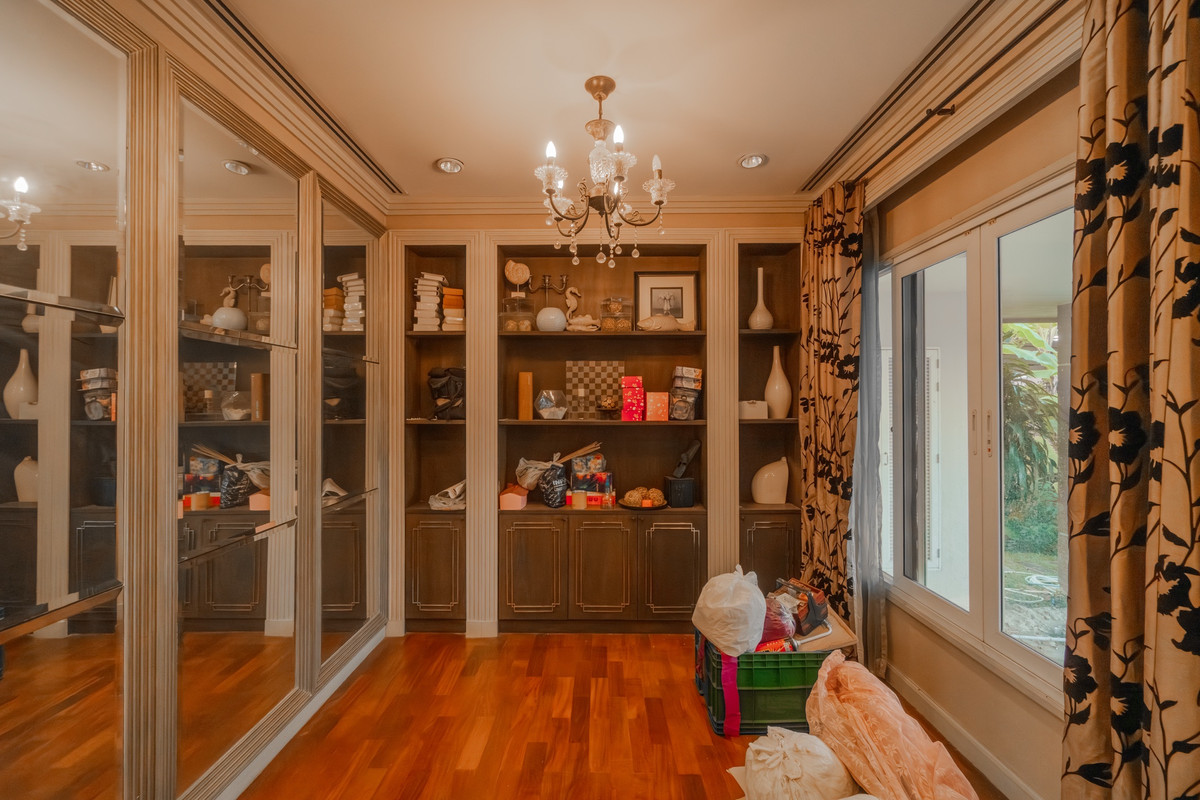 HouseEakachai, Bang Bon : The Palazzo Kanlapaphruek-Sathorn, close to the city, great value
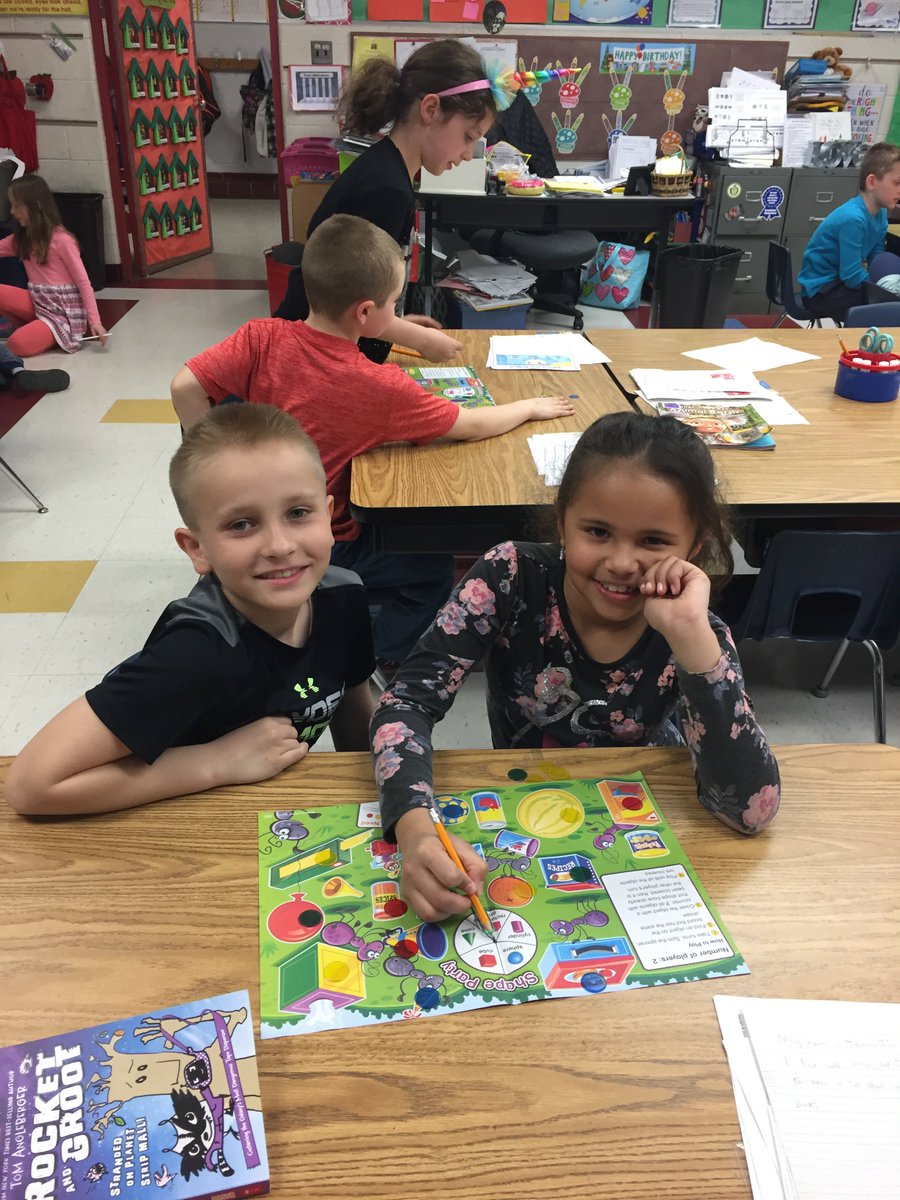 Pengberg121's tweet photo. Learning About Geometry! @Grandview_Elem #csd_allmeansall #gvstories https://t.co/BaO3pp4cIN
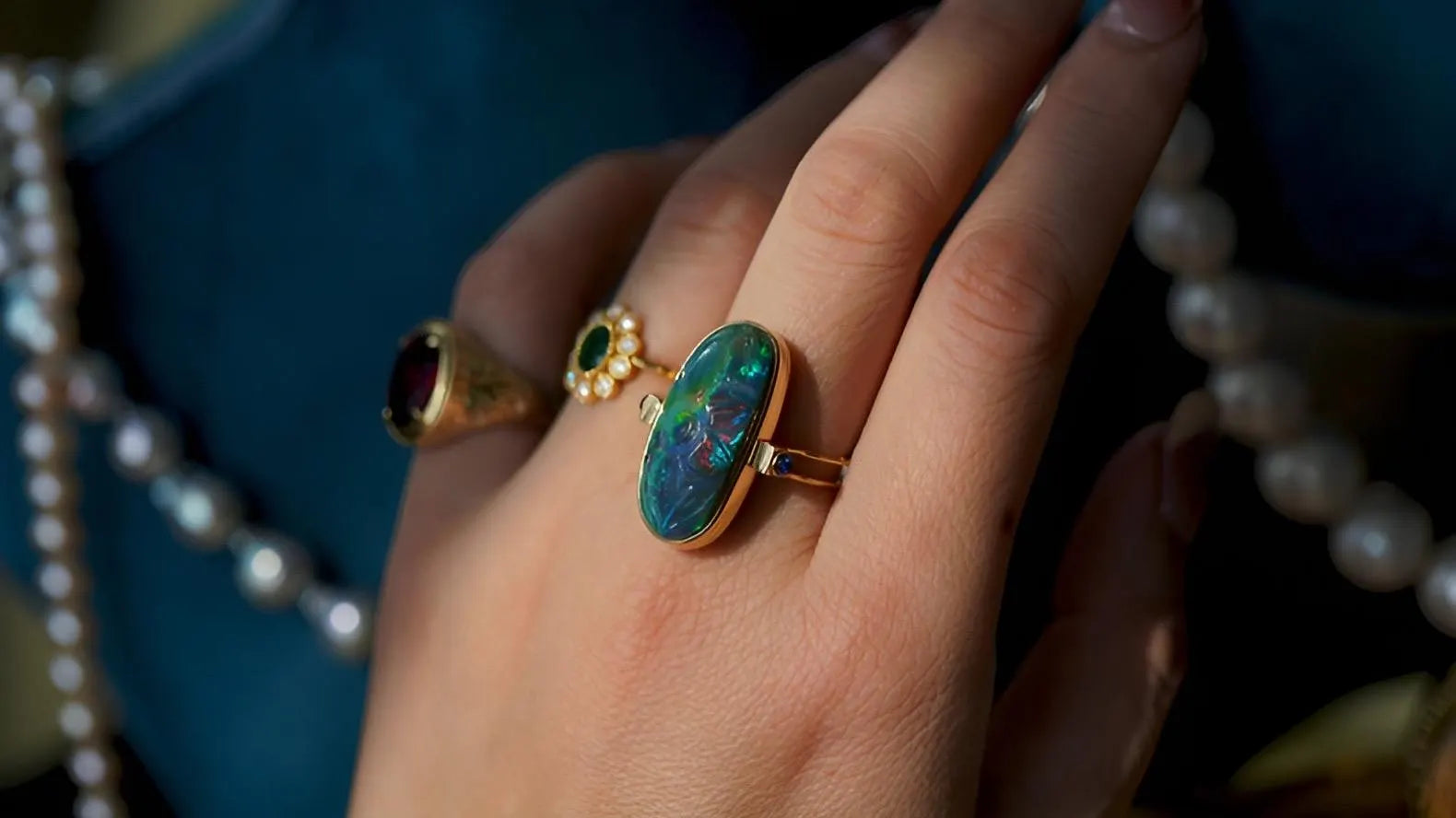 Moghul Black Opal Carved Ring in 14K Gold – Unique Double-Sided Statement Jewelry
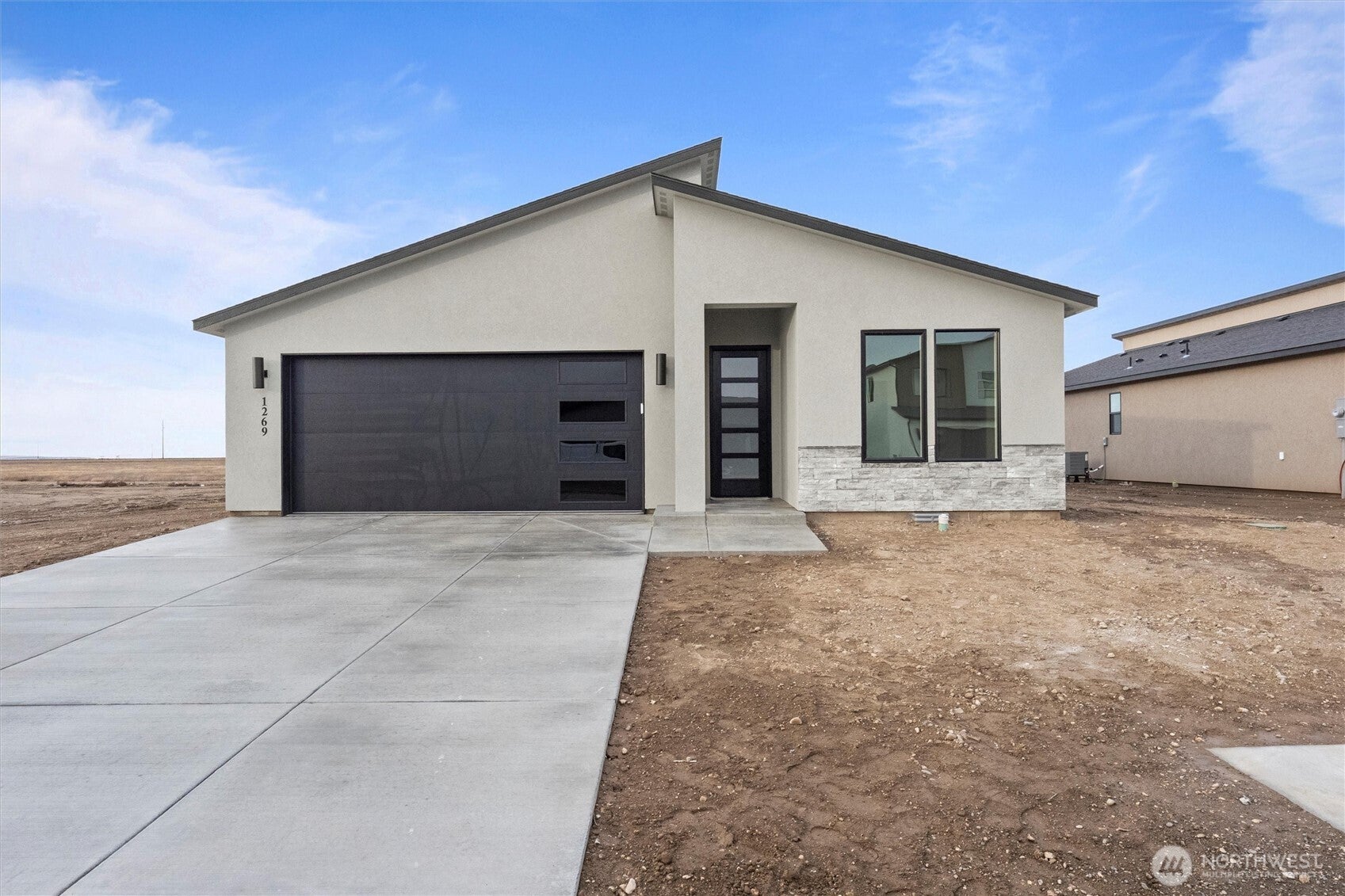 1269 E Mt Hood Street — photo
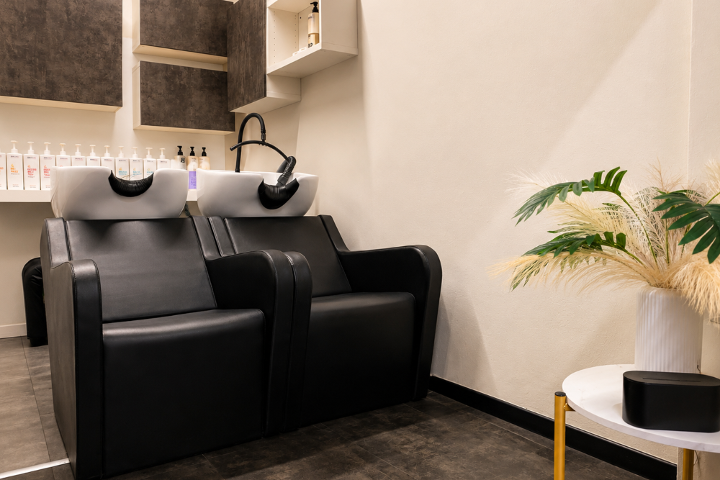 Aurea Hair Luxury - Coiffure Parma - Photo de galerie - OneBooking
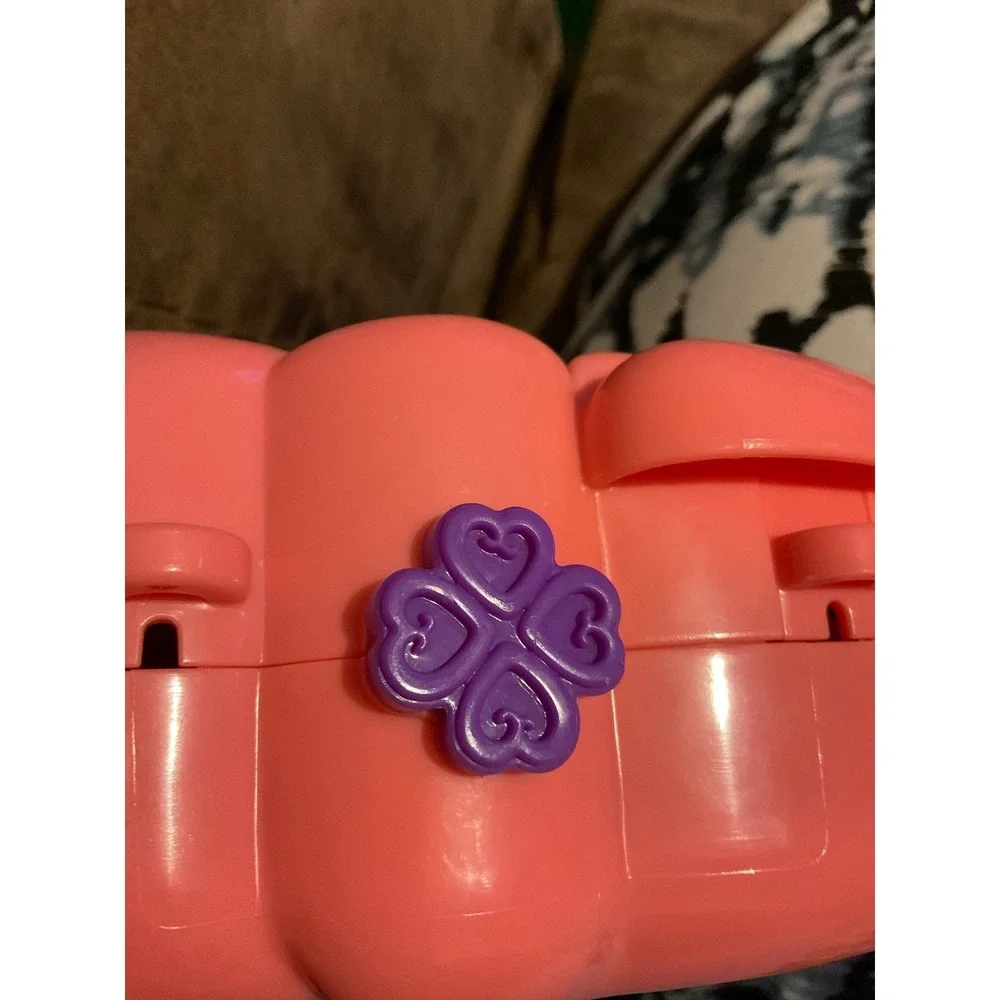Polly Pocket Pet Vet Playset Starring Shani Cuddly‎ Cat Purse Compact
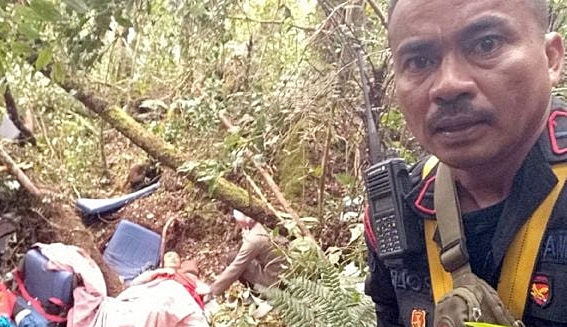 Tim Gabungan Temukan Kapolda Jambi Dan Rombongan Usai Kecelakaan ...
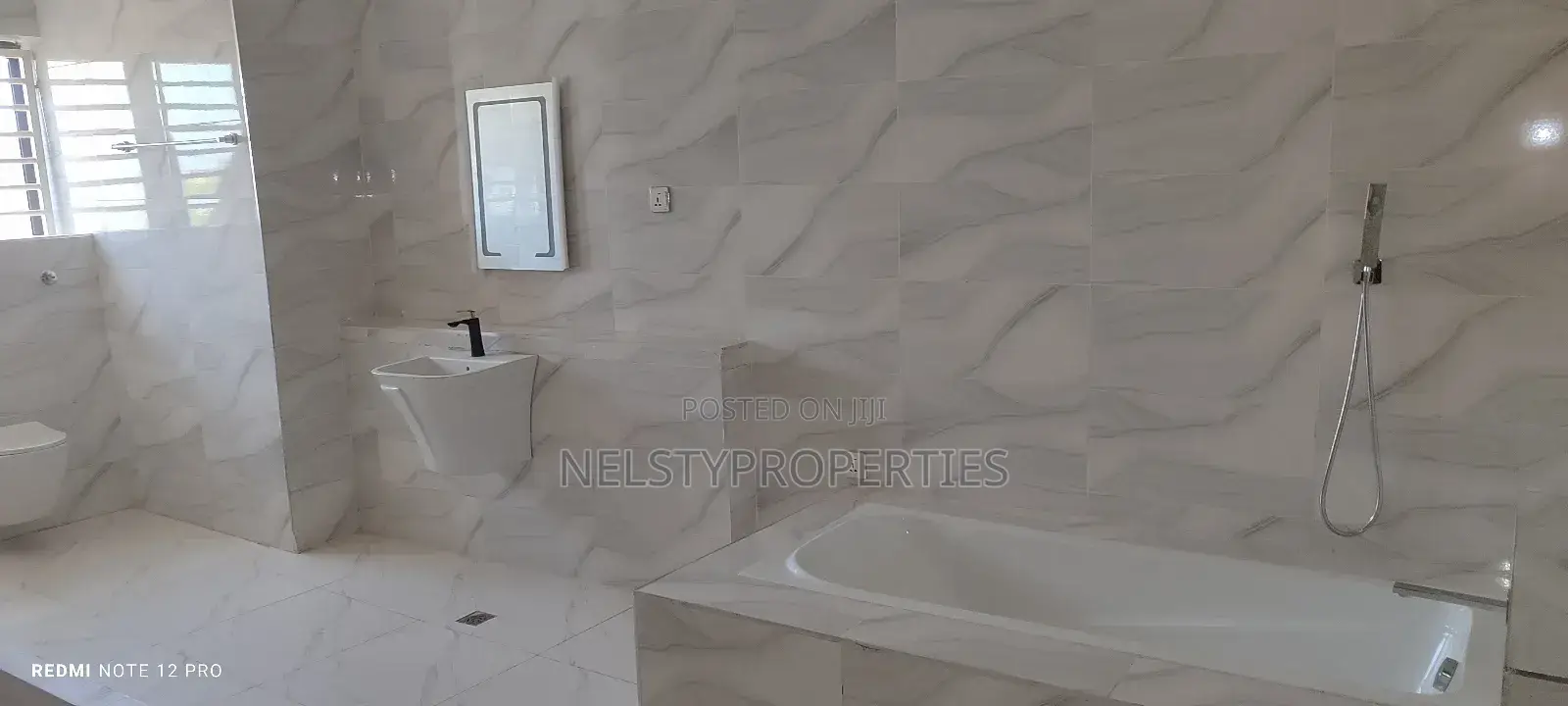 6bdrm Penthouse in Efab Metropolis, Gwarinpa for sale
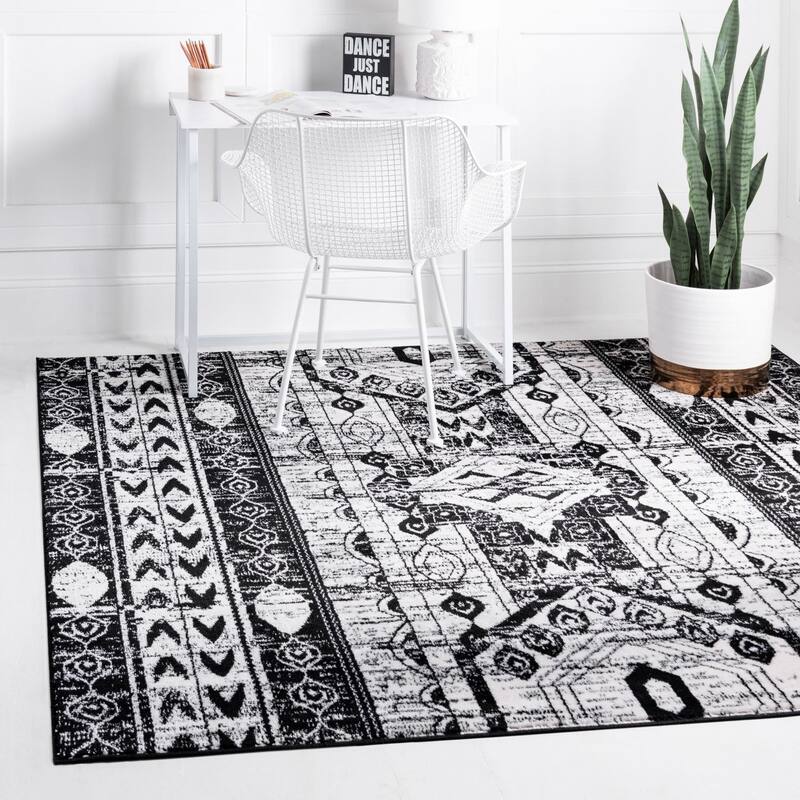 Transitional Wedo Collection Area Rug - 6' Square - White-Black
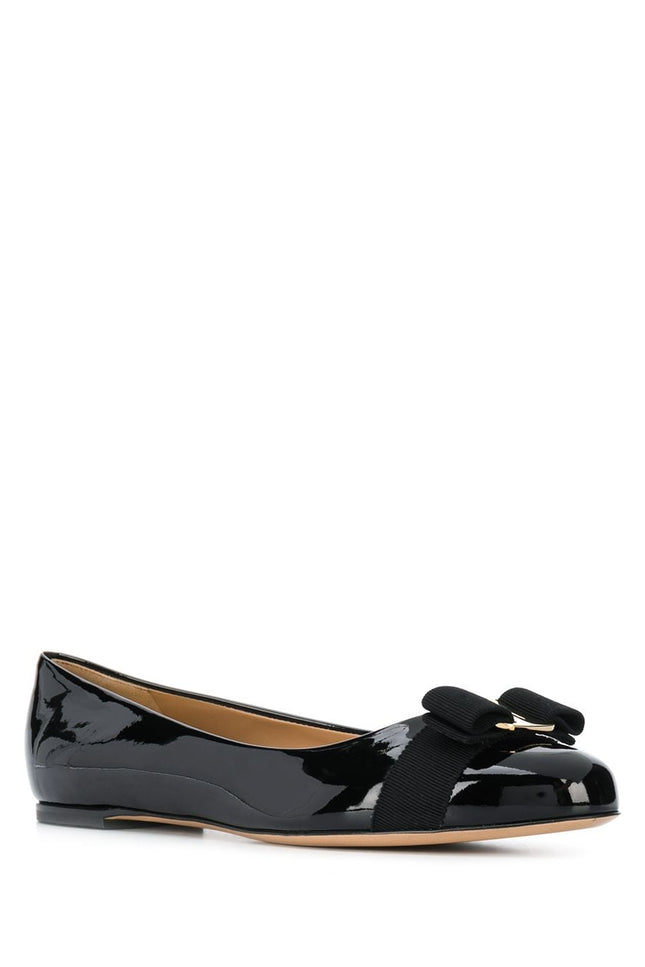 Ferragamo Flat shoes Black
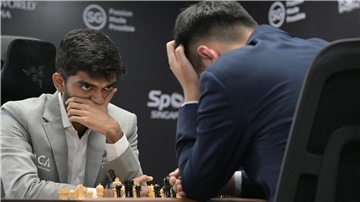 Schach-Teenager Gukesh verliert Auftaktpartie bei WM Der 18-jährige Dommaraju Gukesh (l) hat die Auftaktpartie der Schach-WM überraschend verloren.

▶ [Your goal]:
Without including any picture, write out the material above verbatim.

▶ [Written reply]:
 HouseEakachai, Bang Bon : The Palazzo Kanlapaphruek-Sathorn, close to the city, great value
 Pengberg121's tweet photo. Learning About Geometry! @Grandview_Elem #csd_allmeansall #gvstories https://t.co/BaO3pp4cIN
 Moghul Black Opal Carved Ring in 14K Gold – Unique Double-Sided Statement Jewelry
 1269 E Mt Hood Street — photo
 Aurea Hair Luxury - Coiffure Parma - Photo de galerie - OneBooking
Polly Pocket Pet Vet Playset Starring Shani Cuddly‎ Cat Purse Compact
 Tim Gabungan Temukan Kapolda Jambi Dan Rombongan Usai Kecelakaan ...
 6bdrm Penthouse in Efab Metropolis, Gwarinpa for sale
 Transitional Wedo Collection Area Rug - 6' Square - White-Black
 Ferragamo Flat shoes Black
 Schach-Teenager Gukesh verliert Auftaktpartie bei WM Der 18-jährige Dommaraju Gukesh (l) hat die Auftaktpartie der Schach-WM überraschend verloren.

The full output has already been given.